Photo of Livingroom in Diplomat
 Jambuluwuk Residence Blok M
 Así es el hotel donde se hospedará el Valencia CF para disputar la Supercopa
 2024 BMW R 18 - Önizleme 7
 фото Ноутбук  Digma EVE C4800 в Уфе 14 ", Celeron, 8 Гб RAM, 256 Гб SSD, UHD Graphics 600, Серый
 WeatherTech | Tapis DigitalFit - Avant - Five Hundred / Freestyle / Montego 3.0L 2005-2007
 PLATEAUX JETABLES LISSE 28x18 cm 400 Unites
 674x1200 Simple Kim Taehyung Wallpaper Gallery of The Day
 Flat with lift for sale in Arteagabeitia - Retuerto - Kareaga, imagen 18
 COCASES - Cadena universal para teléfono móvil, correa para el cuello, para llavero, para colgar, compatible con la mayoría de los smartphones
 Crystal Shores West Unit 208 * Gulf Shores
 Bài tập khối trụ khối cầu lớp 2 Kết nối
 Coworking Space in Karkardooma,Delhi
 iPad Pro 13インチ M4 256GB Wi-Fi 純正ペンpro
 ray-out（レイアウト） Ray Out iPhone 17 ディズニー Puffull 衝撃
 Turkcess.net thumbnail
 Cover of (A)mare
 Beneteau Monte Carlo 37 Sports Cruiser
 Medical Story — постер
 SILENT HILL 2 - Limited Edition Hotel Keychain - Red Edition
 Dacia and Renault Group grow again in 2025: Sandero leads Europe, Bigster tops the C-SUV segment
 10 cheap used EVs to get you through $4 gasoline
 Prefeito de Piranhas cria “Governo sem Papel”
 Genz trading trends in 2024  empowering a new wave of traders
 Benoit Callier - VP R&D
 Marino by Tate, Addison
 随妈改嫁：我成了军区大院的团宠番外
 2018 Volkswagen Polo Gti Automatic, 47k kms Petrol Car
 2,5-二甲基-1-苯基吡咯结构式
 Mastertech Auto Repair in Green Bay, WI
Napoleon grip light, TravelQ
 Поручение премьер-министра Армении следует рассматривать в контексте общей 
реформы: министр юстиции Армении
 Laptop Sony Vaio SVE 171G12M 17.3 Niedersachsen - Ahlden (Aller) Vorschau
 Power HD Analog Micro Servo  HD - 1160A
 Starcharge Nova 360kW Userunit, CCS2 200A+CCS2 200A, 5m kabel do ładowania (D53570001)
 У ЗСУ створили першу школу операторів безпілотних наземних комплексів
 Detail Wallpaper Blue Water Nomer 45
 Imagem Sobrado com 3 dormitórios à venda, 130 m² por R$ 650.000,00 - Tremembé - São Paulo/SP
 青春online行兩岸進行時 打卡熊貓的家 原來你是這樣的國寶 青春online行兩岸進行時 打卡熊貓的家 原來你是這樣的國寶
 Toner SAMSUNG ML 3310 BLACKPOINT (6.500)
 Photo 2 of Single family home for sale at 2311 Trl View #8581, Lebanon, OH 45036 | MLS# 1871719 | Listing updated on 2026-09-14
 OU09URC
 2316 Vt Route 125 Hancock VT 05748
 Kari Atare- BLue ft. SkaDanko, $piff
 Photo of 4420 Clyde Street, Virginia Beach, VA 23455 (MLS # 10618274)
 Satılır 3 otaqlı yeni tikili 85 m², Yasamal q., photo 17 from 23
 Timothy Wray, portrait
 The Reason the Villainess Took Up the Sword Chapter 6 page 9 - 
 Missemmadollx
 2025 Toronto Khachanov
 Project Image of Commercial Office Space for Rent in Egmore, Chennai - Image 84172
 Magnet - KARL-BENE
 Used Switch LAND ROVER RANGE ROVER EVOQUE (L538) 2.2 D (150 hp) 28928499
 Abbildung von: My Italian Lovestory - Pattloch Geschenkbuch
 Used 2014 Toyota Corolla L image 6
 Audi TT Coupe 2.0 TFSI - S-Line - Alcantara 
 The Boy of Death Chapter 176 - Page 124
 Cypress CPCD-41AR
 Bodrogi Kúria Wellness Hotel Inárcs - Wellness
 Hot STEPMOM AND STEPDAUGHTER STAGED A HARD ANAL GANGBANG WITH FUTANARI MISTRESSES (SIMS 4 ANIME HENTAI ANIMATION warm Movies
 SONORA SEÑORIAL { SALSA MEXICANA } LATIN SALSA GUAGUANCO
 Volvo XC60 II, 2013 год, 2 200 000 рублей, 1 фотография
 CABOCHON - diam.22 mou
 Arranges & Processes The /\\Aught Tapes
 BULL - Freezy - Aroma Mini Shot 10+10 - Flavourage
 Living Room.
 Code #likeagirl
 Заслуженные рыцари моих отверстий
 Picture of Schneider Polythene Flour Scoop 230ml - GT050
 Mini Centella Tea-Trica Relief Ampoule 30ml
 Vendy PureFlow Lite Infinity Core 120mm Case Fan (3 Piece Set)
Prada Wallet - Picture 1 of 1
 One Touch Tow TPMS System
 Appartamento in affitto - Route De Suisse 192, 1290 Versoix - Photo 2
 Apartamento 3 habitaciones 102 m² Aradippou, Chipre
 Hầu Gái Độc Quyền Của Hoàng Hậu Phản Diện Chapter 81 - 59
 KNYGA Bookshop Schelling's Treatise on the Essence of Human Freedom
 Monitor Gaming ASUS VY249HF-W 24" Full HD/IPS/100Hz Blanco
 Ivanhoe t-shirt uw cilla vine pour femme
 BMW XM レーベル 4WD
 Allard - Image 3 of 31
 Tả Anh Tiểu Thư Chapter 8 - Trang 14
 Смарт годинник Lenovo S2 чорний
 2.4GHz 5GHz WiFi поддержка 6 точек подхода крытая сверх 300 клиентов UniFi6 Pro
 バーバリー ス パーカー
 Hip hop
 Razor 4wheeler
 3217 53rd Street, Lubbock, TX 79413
^^^^
▶ [PROBLEM TO WORK ON] Give back exactly the lines above starting at the line where "2316 Vt Route 125 Hancock VT 05748" appears and ending at the line where "Timothy Wray, portrait" appears, both included, with no other lines.

▶ [SOLUTION FOR THIS EXERCISE]
 2316 Vt Route 125 Hancock VT 05748
 Kari Atare- BLue ft. SkaDanko, $piff
 Photo of 4420 Clyde Street, Virginia Beach, VA 23455 (MLS # 10618274)
 Satılır 3 otaqlı yeni tikili 85 m², Yasamal q., photo 17 from 23
 Timothy Wray, portrait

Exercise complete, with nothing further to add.